Historically, exclusion of the IIAA sac has been used as a strategy for smaller localized aneurysms in the proximal portion of the artery. However, multiple case series and retrospective reviews have shown continued expansion of IIAAs after previous exclusion.14,15 This is especially true for IIAAs that extend deep into the pelvis or are larger.12 Our experience also shows that these excluded aneurysms can stay intact to quite a large size, because all three IIAAs in this series were >6 cm. This mechanism can be postulated to be secondary to lower retrograde perfusion pressure. In this rare situation, different techniques have been described previously to achieve access into the aneurysm sac or its feeding vessels. The superior or inferior gluteal artery can be accessed with fluoroscopic guidance or from a buttock incision and can be embolized.5, 6, 7, 8 Alternatively, the IIAA sac can be accessed directly using a percutaneous approach.9, 10, 11 In addition to coils, liquid embolic agents can be used for adequate control of a type II endoleak, especially in cases in which all outflow branches cannot be accessed.
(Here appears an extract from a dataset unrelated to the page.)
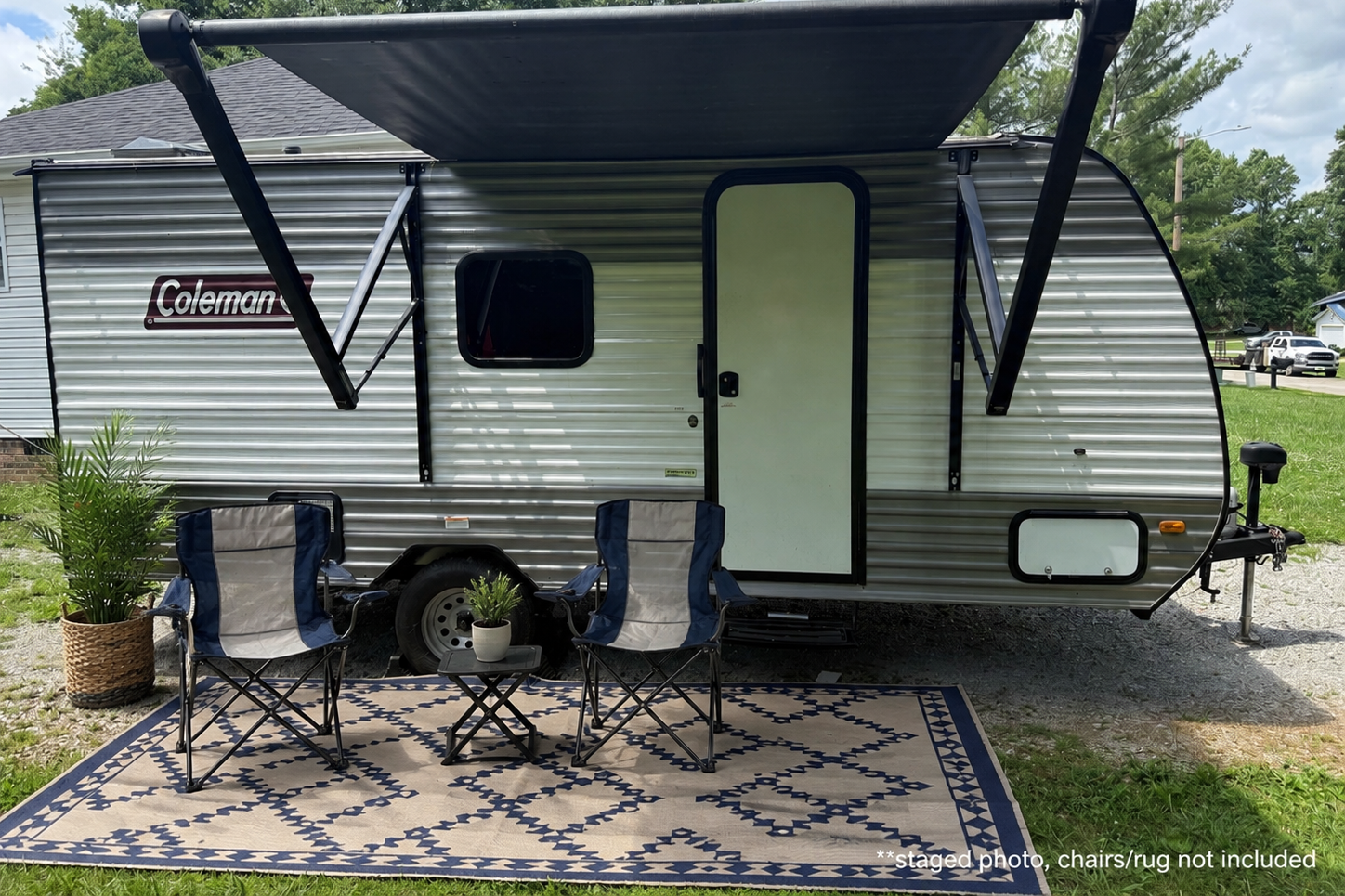 Kent's Coleman Lantern 17B Travel Trailer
These approaches, however, have their own potential limitations, including the risk of damaging critical structures, such as the ureter, lumbar plexus, and viscera, and the inability to embolize all feeding vessels.
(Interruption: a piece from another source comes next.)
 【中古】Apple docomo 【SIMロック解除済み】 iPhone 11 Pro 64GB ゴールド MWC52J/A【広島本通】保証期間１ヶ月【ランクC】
A hybrid technique was chosen as the preferred approach for all three of our patients because the surgeons were more comfortable with a minimally morbid retroperitoneal cutdown, direct access of the aneurysm, and endovascular embolization of all feeding vessels and the aneurysm sac. A similar approach has been described for previously excluded hypogastric artery aneurysms.16 We believe that this approach has some potential advantages in specific conditions: (1) all critical structures can be avoided if no clear window is available for direct percutaneous access or a transgluteal approach; and (2) minimal dissection is needed compared with conventional open endoaneurysmorrhaphy. The importance of adequate aneurysmal outflow vessel management at the index operation must be emphasized to avoid continued expansion and possible rupture.

Conclusions

We present a hybrid repair technique for the treatment of previously excluded, expanding IIAAs. This technique provides a safe and effective alternative for patients in whom antegrade endovascular access is impractical. This hybrid approach allows for direct visualization of critical structures, minimizes dissection and blood loss, and ensures successful embolization of all feeding vessels.

Disclosures

None.

Footnotes

The editors and reviewers of this article have no relevant financial relationships to disclose per the Journal policy that requires reviewers to decline review of any manuscript for which they may have a conflict of interest.